Надо сказать, что реакция Фоконне, выраженная столь карикатурным образом, не отличалась, по сути, от реакции других членов аттестационной комиссии и вообще профессуры 30-х годов. Из моих трех книг – «Современная немецкая социология. Очерк немецкой теории истории», «Критическая философия Истории» («Philosophie critique de l’Histoire») и «Введение в философию истории» – первая вышла в свет в 1935, две другие в 1938 году, когда некоторые немецкие философы, изгнанные или бежавшие из Третьего рейха, жили в Париже. Статьи изгнанников печатались в «Решерш филозофик». Это мирное проникновение вызвало во многих случаях реакцию отторжения. Такое положение шло мне одновременно на пользу и во вред. Мои книги вводили в проблематику, пришедшую с другого берега Рейна. Фоконне почувствовал, что моя критика исторической объективности оспаривает все, во что он верил; все удивлялись, не находя во мне того студента, которого уже готовы были принять в свою семью. Нужно ли добавлять, что ни Селестену Бугле, верному нашей дружбе, ни всем остальным, верным своей морали, ни на секунду не пришло в голову закрыть мне доступ в альма-матер?
Так почему же мои книги дышали отчаянием или «одержимостью»?
Между своим дипломом о Канте (1926/27) и годом в Гавре я много читал по самым разным вопросам. Кроме статей в «Либр пропо» и «Эроп», ничего не писал. Между октябрем 1933 и апрелем 1937 года мне удалось закончить три упомянутые книги.
Слово «удалось» я употребляю не затем, чтобы намекнуть на свои заслуги, на свершение некоего подвига, а чтобы напомнить о своем страхе перед чистой страницей, о трудностях, связанных для меня с письменной речью. Мне понадобились годы, чтобы научиться сочетать письмо и чтение, подготовлять текст читая; заново перечитывать, уже начав писать. Чаще всего я сочинял главу, посвященную какому-то автору, не обращаясь к его текстам, реконструируя его мысль на основе почерпнутых из его книг идей, а ссылки добавлял потом.
Какую ценность имела и имеет «Современная немецкая социология»? Могу сказать без тщеславия, что эта маленькая книжка была полезна в свое время, даже если сейчас это и не так. Некоторые из фигурирующих в ней социологов уже не интересны, другие же, в особенности Макс Вебер, которому посвящено более трети книги, отныне не нуждаются в представлении. Несколько поколений студентов извлекли из моей работы, быть может, поверхностные, но в целом верные сведения о некоторых направлениях немецкой социологии в тот момент, когда национал-социализм прервал ее развитие. На одном из семинаров Международного социологического конгресса Р. Мертон рассказал, что эта книжка, написанная неизвестным автором, поразила его. С тех пор она была переведена на испанский, японский, английский и немецкий языки (на два последних – после войны). Недавно ее перевели на итальянский по неизвестным мне причинам [57]57
В Италии были опубликованы «Этапы развития социологической мысли». Этот обширный том понижает интерес к «Немецкой социологии».

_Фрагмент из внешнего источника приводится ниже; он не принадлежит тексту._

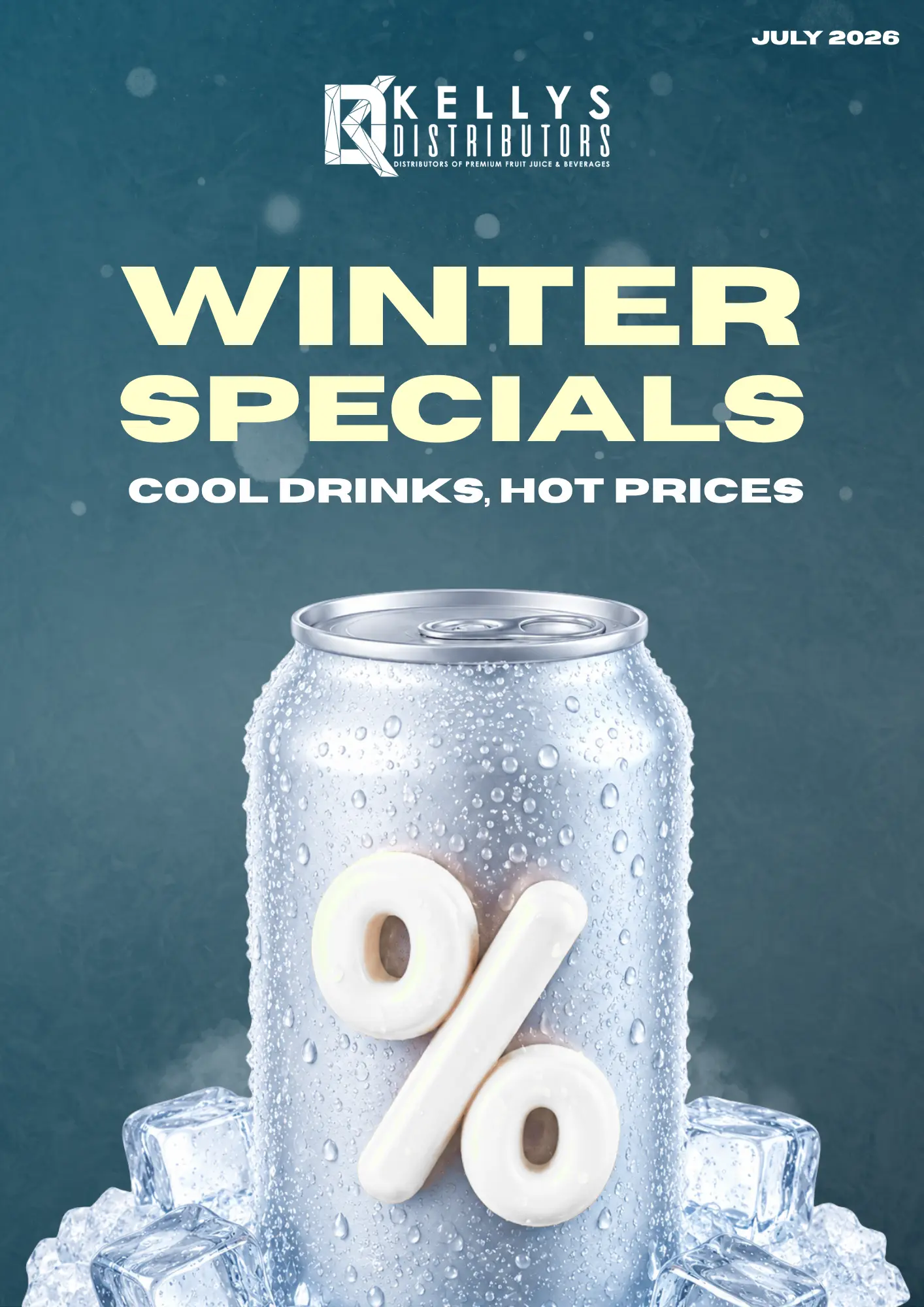 July Specials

[Закрыть]и переиздали в Соединенных Штатах и Японии.
В 1935 году большинство немецких социологов, которых я рассматривал, было неизвестно или плохо известно. «Социологический ежегодник» («Année sociologique») публиковал в свое время обзоры некоторых работ Макса Вебера, в частности, его эссе о пуританизме и духе капитализма. Макс Вебер, со своей стороны, никогда не цитировал Дюркгейма, но, по словам Марселя Мосса, имел все номера «Социологического ежегодника» в своей личной библиотеке. В 1935 году не существовало обобщающего исследования, посвященного личности этого политика и социолога. Постмарксистские труды по социологической проблематике, например, принадлежащие перу Карла Мангейма, едва доходили до сознания нескольких французских специалистов. Моя книга вышла вслед за «Итогами французской социологии» («Bilan de la sociologie française») Селестена Бугле и оказалась в более благоприятных условиях: она, в некотором роде, открывала неисследованную область. Благодаря ей я встретился с А. Бродерсеном и Э. Шилзом, с которыми дружен доныне. Больше всего меня тронул, двадцать пять лет спустя, социолог польского происхождения Станислав Андревски, сказавший, что моя брошюра пробудила в нем призвание.

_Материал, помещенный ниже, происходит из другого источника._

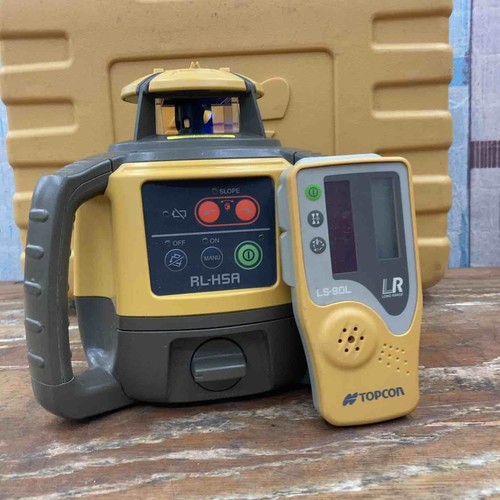 Laser rotatif auto nivelant - laser, auto-nivelant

Я написал ее по просьбе С. Бугле, обещавшего мне в следующем году место в Центре социальной документации Эколь Нормаль. Книжка эта, при весьма скромных авторских правах, не сулила материальной выгоды, а была, скорее, из разряда студенческих работ; она отвлекала меня от второй, дополнительной, диссертации, которой я тогда был занят. Испытал ли я впоследствии удовлетворение от того, что выполнил этот школьный урок? Пожалуй. Еще и сегодня я рад, что завершил этой книгой свое германское паломничество.

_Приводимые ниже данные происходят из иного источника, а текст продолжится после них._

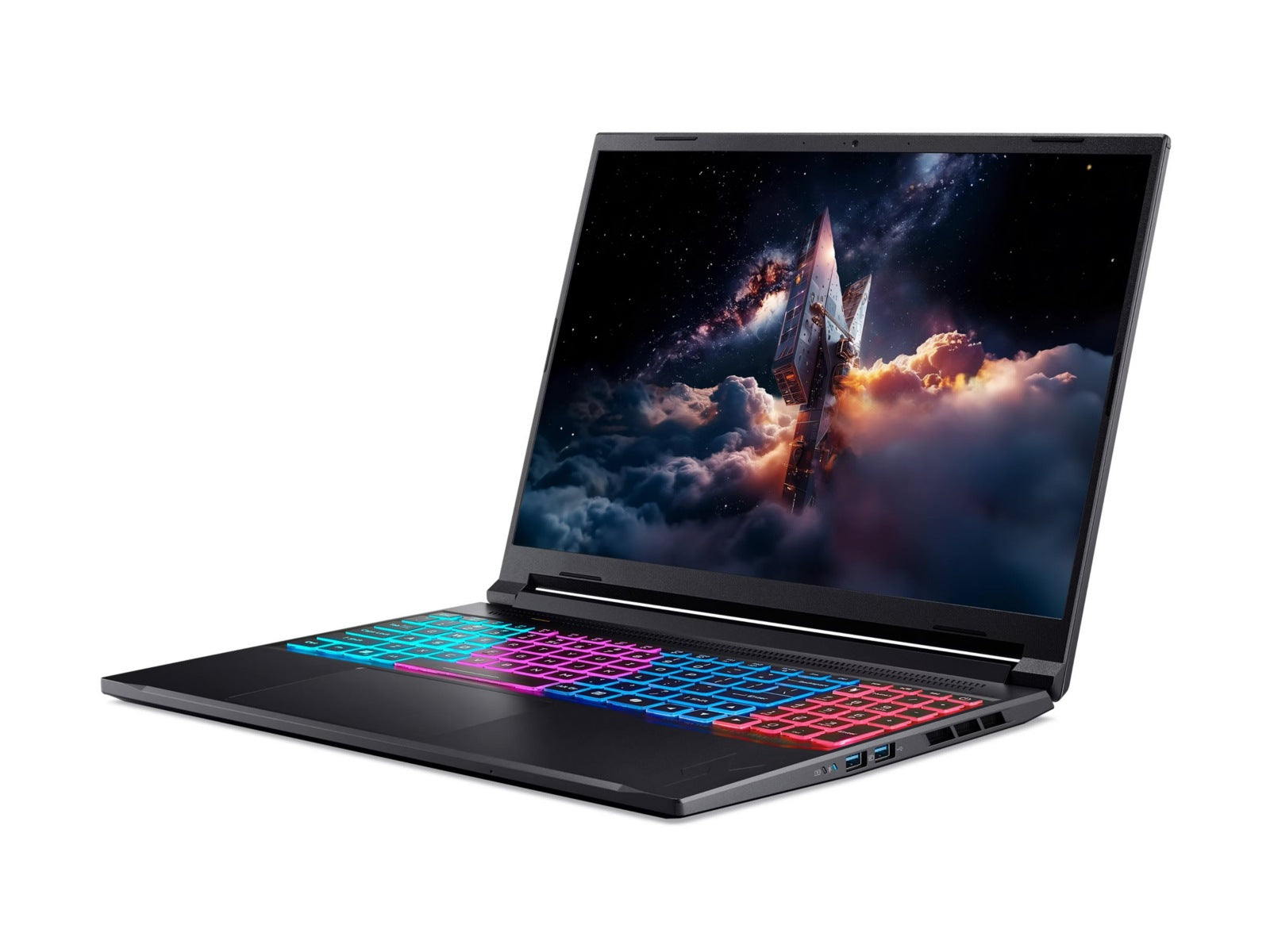 Laptop Acer Nitro V 16S AI ANV16S-41-R27B, AMD Ryzen 7 260 8 Núcleos, 16GB, 1 TB, GeForce RTX 5060 - vista 1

Я продолжил недавнюю традицию: и Э. Дюркгейм, и С. Бугле посетили немецкие университеты и привезли оттуда статьи, собранные затем в книги. Я не посещал университеты и едва познакомился с кружком Л. фон Визе в Кёльне, с В. Зомбартом в Берлине. В отличие от своих предшественников, я сосредоточился на социологии в узком смысле слова. Я представил читателю не отчеты о прочитанном или личные впечатления, а систематический очерк, опирающийся на противопоставление систематическойи исторической социологии.Имеет ли это противопоставление какое-либо значение, кроме чисто прагматического, сделанного, так сказать, ради удобства? Ф. Оппенгеймер, Альфред Вебер и К. Мангейм, несомненно, принадлежали к одной и той же традиции; двое первых предлагают общий взгляд на историю, третий размышляет над последствиями социального укоренения социолога; все трое разработали свои теории под сенью Карла Маркса. Каждый выбрал свою собственную тему. Ф. Оппенгеймер – корни социальной иерархии, эксплуатации человека человеком как результата победы пастухов над земледельцами; Альфред Вебер – дуализм цивилизации и культуры, технического и духовного миров; Карл Мангейм – концепцию новой науки, Wissenssoziologie(социологии познания), продолжение марксистской идеи, согласно которой каждый класс видит социальную реальность со своей собственной точки зрения, исходя из собственного положения.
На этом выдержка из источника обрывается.